School of Web Craft
For working in the open web, people need to know more than one technology. They need to learn, hack, and be creative. Mozilla is driving a project to create a broad, university-style, comprehensive course of study: Mozilla's Drumbeat Open Web Developer degree. Currently, they're calling for tutors and mentors to join the discussion about what this might look like. I joined the conversation to help get Drupal on their competency map and to plug our Open Curriculum project and Drupal Dojo into theirs.
The main goal of the project is to become a "School of Web Craft" in the newly forming Peer 2 Peer University. It's in that context the collaborators and educators will negotiate what assessment and recognition means in this new peer-to-peer space, and possibly turn traditional education on its proverbial head.
P2PU: Traditional education, take notice
P2PU is a space for people to meet and learn together, or as the site says, it's "online book clubs for open educational resources."
There has been a rise in open educational materials, such as those coming from traditional institutions like MIT's Open Courseware, Open Learn from Open University, and those which are being built in an open source process, like the WaSP web standards curriculum.
These open materials can be used in traditional classrooms by teachers and trainers, but they can also be used for self-directed learning. However, self-directed learning can be, well, a little lonely. It's a natural extension of the social web to reach out and find like minds struggling with the same materials.
That's where P2PU comes in. It's a platform and environment to help connect learners around open educational resources. Philip Schmidt of P2PU posits that collaboration and problem solving are lacking in a traditional university education (see video). This new kind of university could offer more of that much-needed experience. Mentors do lead courses. For example, Joi Ito is leading a digital journalism course. But generally, it's a more group-driven approach than traditional education, as I see more conversation about process happening amongst the learners than in a more traditional, professor-led lecture.
An open learning environment
John Mott and David Wiley of Brigham and Young University think traditional institutions better step up and take notice. They highlight the failings of the standard CMS, also known as LMS (learning management systems):
- No access to materials when the course is complete
- Reinforcement of top-down approach to learning
- Learners cannot self-organize around interests
- Disconnects learning from the broader network and world
From: Open for Learning: The CMS and the Open Learning Network, by Jon Mott and David Wiley (PDF)

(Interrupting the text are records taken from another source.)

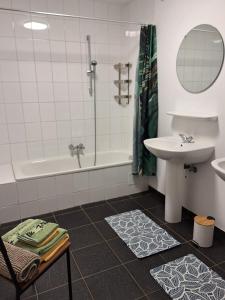 Bilik mandi di Peace&Loft in Durbuy Old
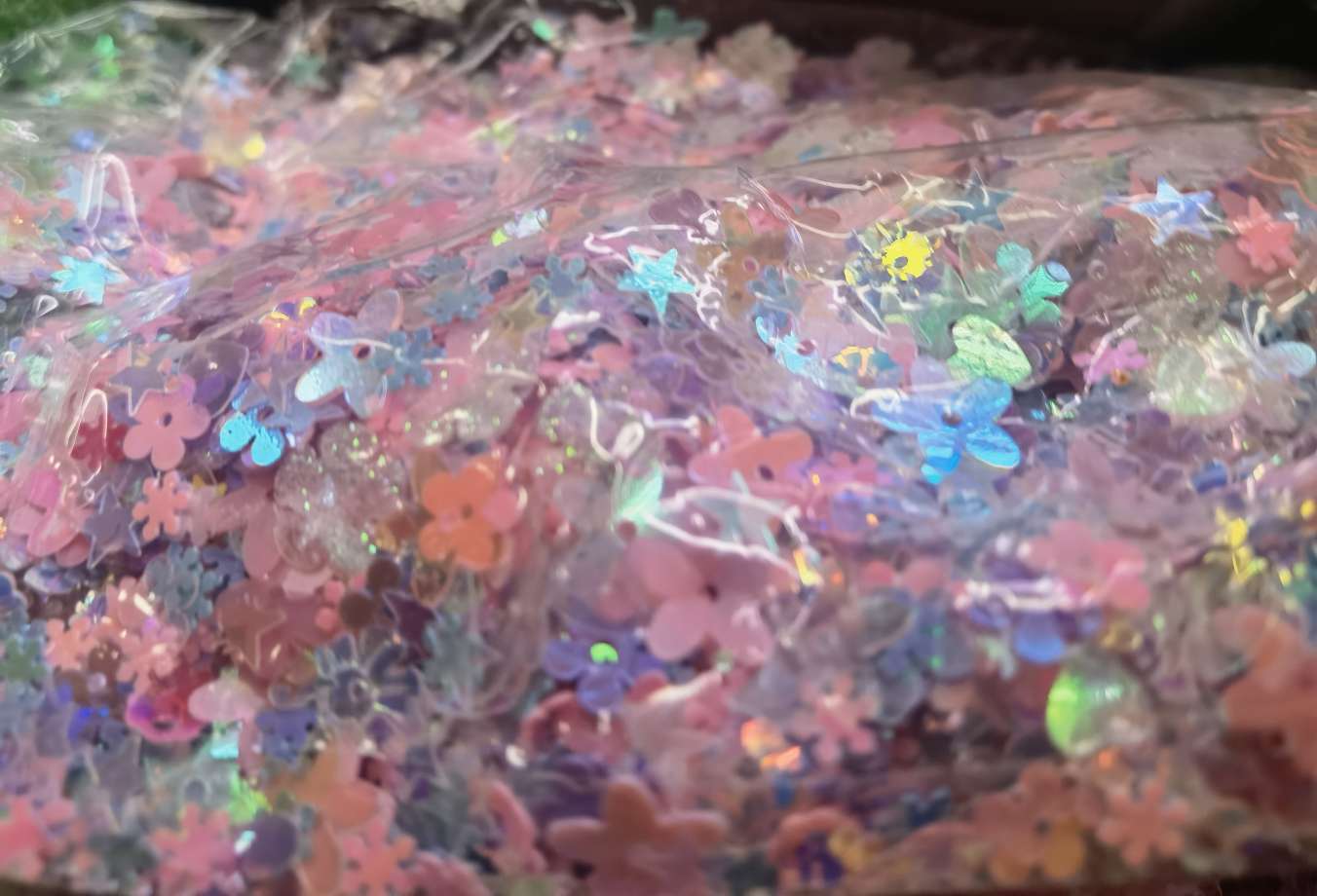 6mm stars, 4mm empty five-star, 10mm heart, various plum blossoms, golden luster mixed with sequins, Jincan 141 Application Scenario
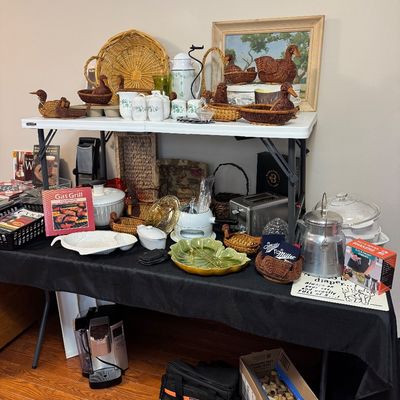 Sale Photo Thumbnail #13: Kitchenware 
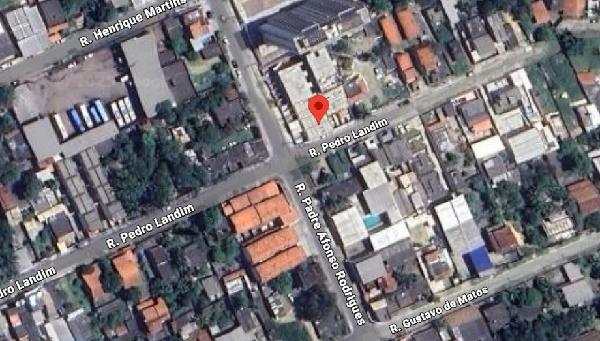 Casa com 1 quarto, 1 banheiro e 1 vaga de garagem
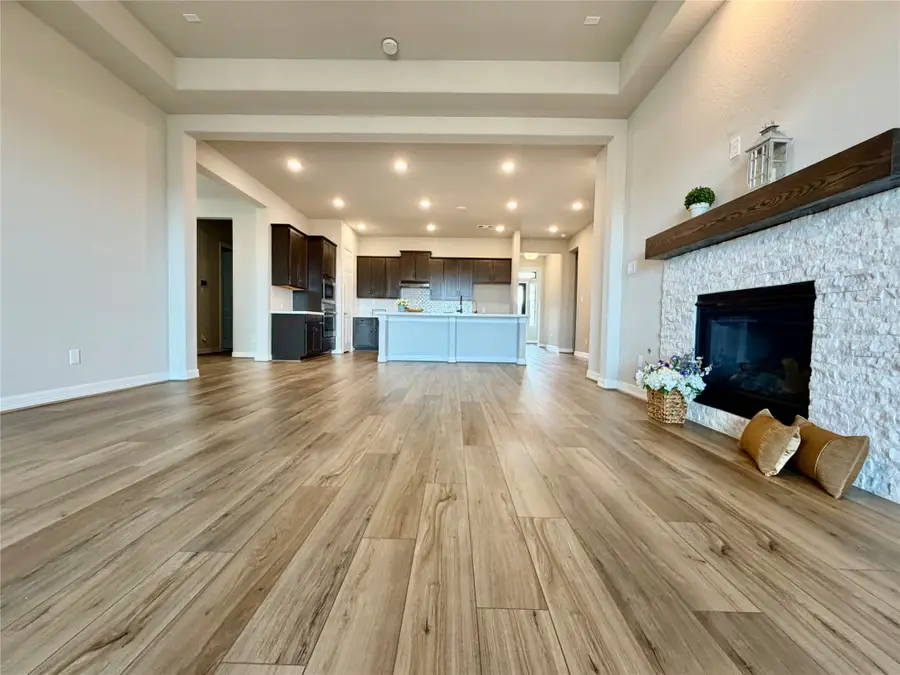 5211 Old Amber Drive, Richmond, TX 77469 - Image #3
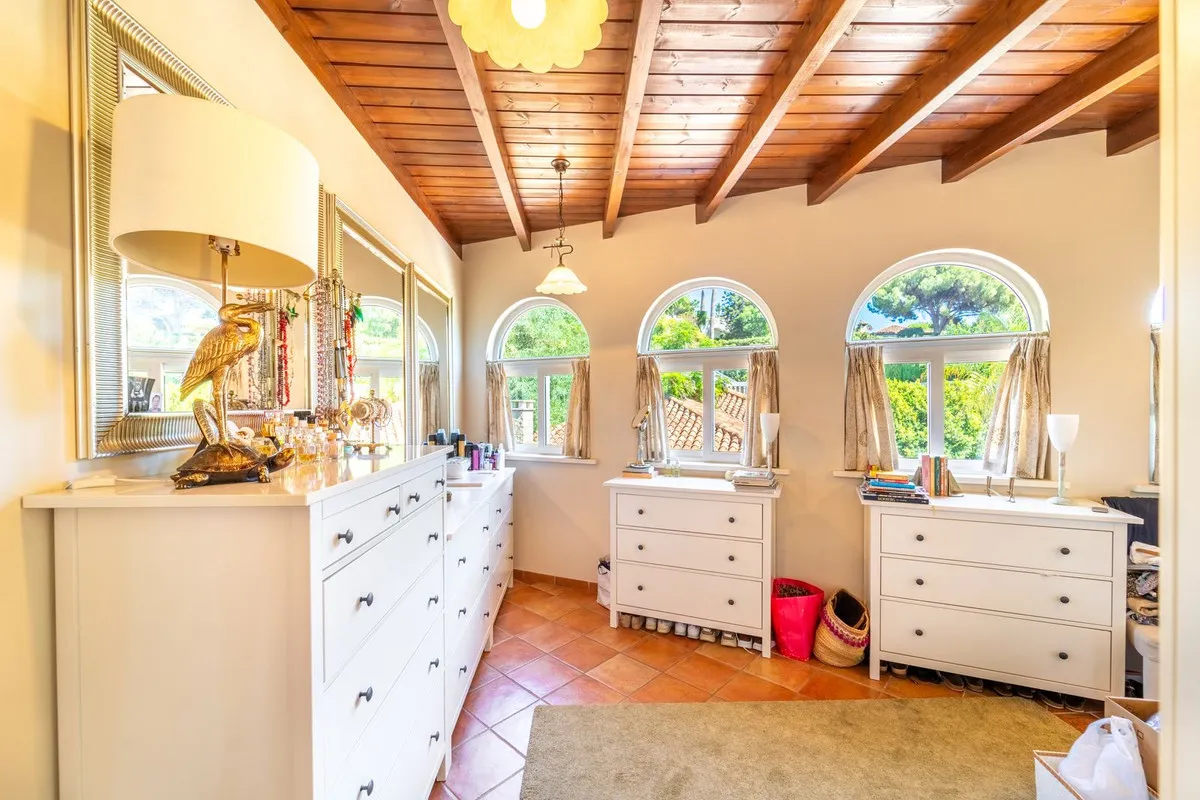 4f8ca31e-6c33-4660-8c27-455a9d9c994c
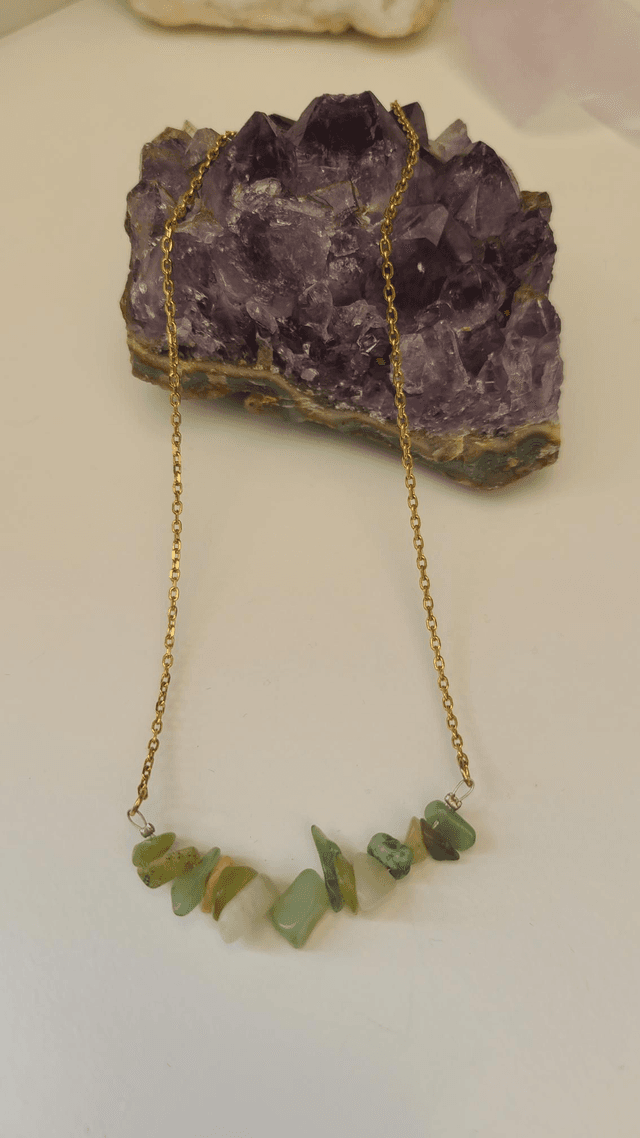 Collier avec mélange de pierre verte naturelle. 
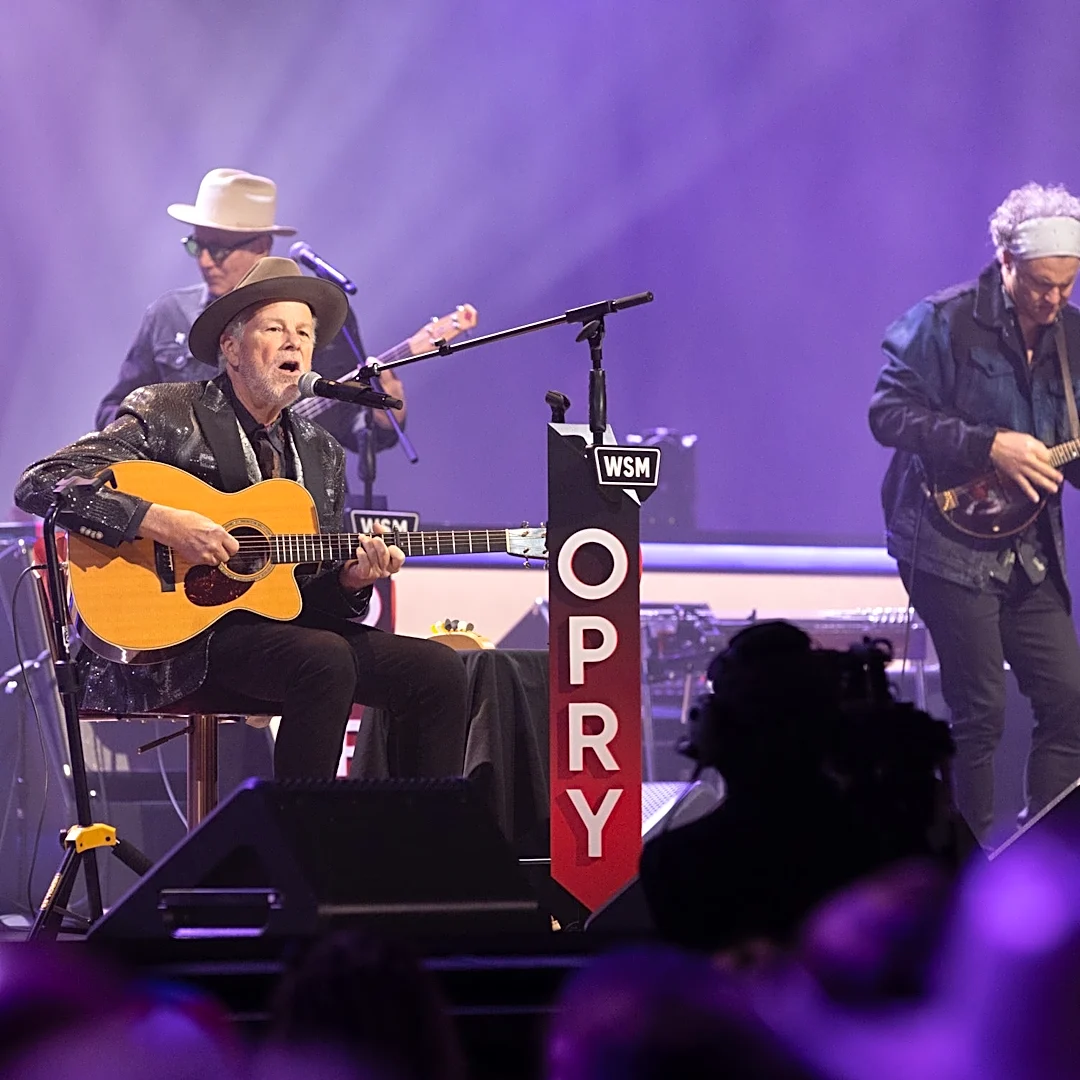 Texas music icon Robert Earl Keen announces show at Buddy Holly Hall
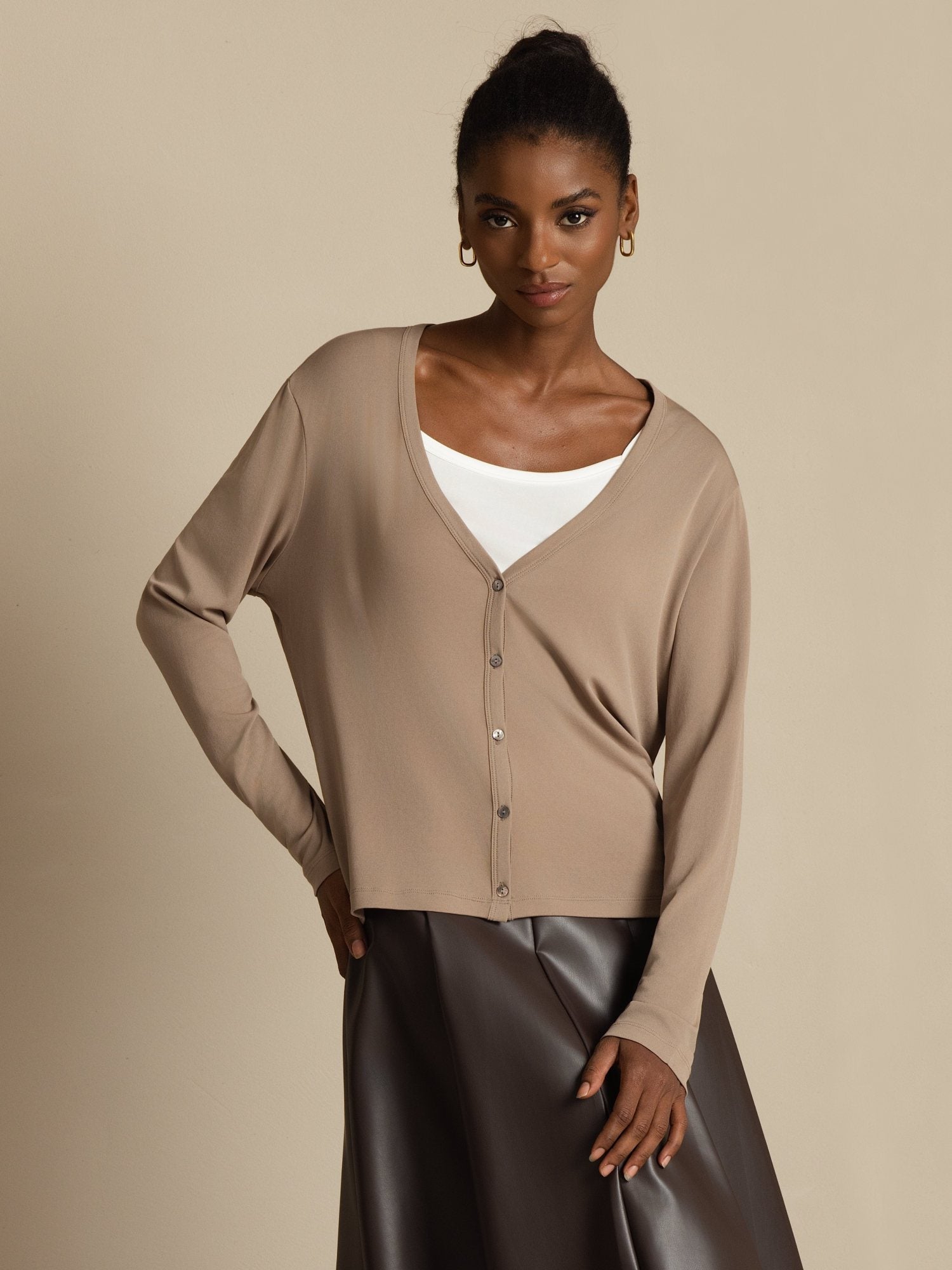 [Tan] SilkSilky-DE 19Momme Seide Langärmelig V Ausschnitt Damen Cardigan 001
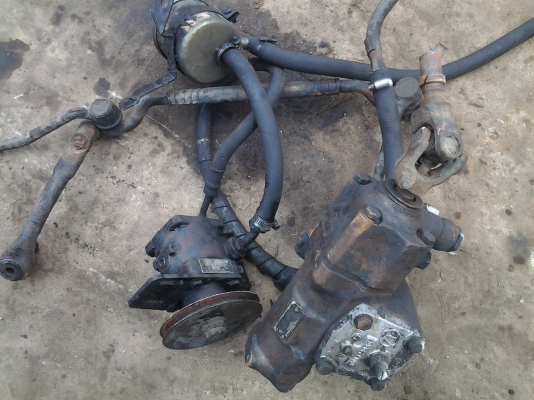 ขายพวงมาลัยเพา เวอร์  รถ  BM  พร้อม  ใช้งานให้หมดเลย  5000 -บาท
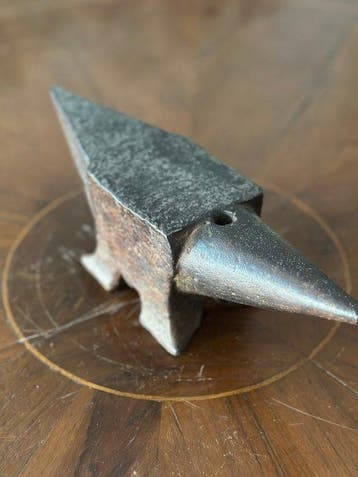 Werkgereedschap Industrieel design - Oud aambeeld voor op de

P2P effectively counteracts each of these problems. It connects people together in a networked, open space for set periods of time, and they still have access to the materials afterwards. (It's built on Drupal, incidentally.)
If formal and traditional education and training don't take note of these open social learning initiatives, they run the risk of becoming irrelevant. That is more apparent in the field of the web, where as we say in the Drupal community, "the drop is always moving." Traditional education can barely keep up as qualifications designed five years ago quickly become outdated, and students graduate disillusioned and ill-equipped, in some cases bearing the brunt of a very costly cultural habit: university education.
While P2PU is open, there is governance and structure forming. Wikipedia, for example, while open to edit for all, is a tightly controlled and organized system, and not the free-for-all some would expect. The effort will be organised and considered, yet will be able to more quickly respond to demand in a way that traditional processes may not be able to work.
For this reason, Mozilla's Drumbeat School of Web Craft on P2PU is potentially a big game changer in this sector.
Call for courses
There is an open call for course proposals through July 18.
This coming September we'll be launching our first cycle of six-week courses, including Introduction to HTML5 and Building Social with the Open Web.